Date: Sat, 19 Sep 2020 13:03:57 -0400
The xz compression is slow; using multiple threads/cores yields a linear
performance improvement.

* guix/packages.scm (patch-and-repack): Ensure xz is invoked with --threads=N
by setting the XZ_DEFAULTS environment variable.
---
 guix/packages.scm | 6 ++++++
 1 file changed, 6 insertions(+)

diff --git a/guix/packages.scm b/guix/packages.scm
index 6598bd3149..678007a807 100644
--- a/guix/packages.scm
+++ b/guix/packages.scm
@@ -5,6 +5,7 @@
 ;;; Copyright © 2016 Alex Kost <alezost <at> gmail.com>
 ;;; Copyright © 2017, 2019, 2020 Efraim Flashner <efraim <at> flashner.co.il>
 ;;; Copyright © 2019 Marius Bakke <mbakke <at> fastmail.com>
+;;; Copyright © 2020 Maxim Cournoyer <maxim.cournoyer <at> gmail.com>
 ;;;
 ;;; This file is part of GNU Guix.
 ;;;
@@ -693,6 +694,11 @@ specifies modules in scope when evaluating SNIPPET."
             (setenv "PATH" (string-append #+xz "/bin" ":"
                                           #+decomp "/bin"))
 
+            ;; Enable multi-threaded compression for xz.
+            (setenv "XZ_DEFAULTS" (string-append "--threads="
+                                                 (number->string
+                                                  (parallel-job-count))))
+
             ;; SOURCE may be either a directory or a tarball.
             (if (file-is-directory? #+source)
                 (let* ((store     (%store-directory))
-- 
2.28.0





Information forwarded to guix-patches <at> gnu.org:
bug#43516; Package guix-patches. (Sat, 19 Sep 2020 19:39:01 GMT) Full text and rfc822 format available.

Message #8 received at 43516 <at> debbugs.gnu.org (full text, mbox):

From: Leo Famulari <leo <at> famulari.name>
To: Maxim Cournoyer <maxim.cournoyer <at> gmail.com>
Cc: 43516 <at> debbugs.gnu.org
Subject: Re: [bug#43516] [PATCH core-updates] packages: Enable multi-threaded
 xz compression when repacking source.
Date: Sat, 19 Sep 2020 15:38:05 -0400
On Sat, Sep 19, 2020 at 01:03:57PM -0400, Maxim Cournoyer wrote:
> The xz compression is slow; using multiple threads/cores yields a linear
> performance improvement.
> 
> * guix/packages.scm (patch-and-repack): Ensure xz is invoked with --threads=N
> by setting the XZ_DEFAULTS environment variable.

We tried this previous but reverted it because the archives were not
bit-reproducible:

https://git.savannah.gnu.org/cgit/guix.git/commit/?id=3e95125e9bd0676d4a9add9105217ad3eaef3ff0

It's really a shame... it would be nice to reduce the time used for XZ
compression.
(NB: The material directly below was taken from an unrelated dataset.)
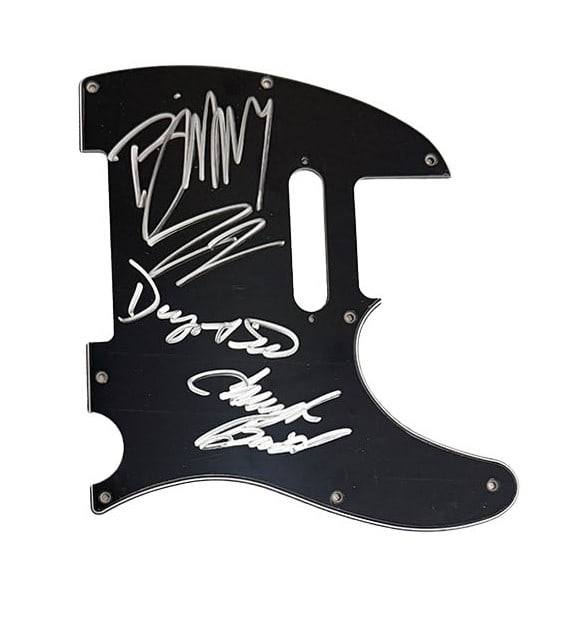 ZZ Top Autographed Telecaster Pickguard: ZZ Top Autographed Pickguard Will fit any size standard Guitar.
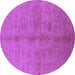 Round Machine Washable Oriental Purple Industrial Area Rugs, wshurb3040pur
But the bandwidth used to move the results is even more
expensive in terms of time and money, since most people should get
substitutes.




Information forwarded to guix-patches <at> gnu.org:
bug#43516; Package guix-patches. (Tue, 22 Sep 2020 02:00:01 GMT) Full text and rfc822 format available.

Message #11 received at 43516 <at> debbugs.gnu.org (full text, mbox):

From: Maxim Cournoyer <maxim.cournoyer <at> gmail.com>
To: 43516 <at> debbugs.gnu.org
Cc: Leo Famulari <leo <at> famulari.name>
Date: Mon, 21 Sep 2020 22:00:02 -0400
Hi Leo!

> On Sat, Sep 19, 2020 at 01:03:57PM -0400, Maxim Cournoyer wrote:
> > The xz compression is slow; using multiple threads/cores yields a linear
> > performance improvement.
> >
> > * guix/packages.scm (patch-and-repack): Ensure xz is invoked with --threads=N
> > by setting the XZ_DEFAULTS environment variable.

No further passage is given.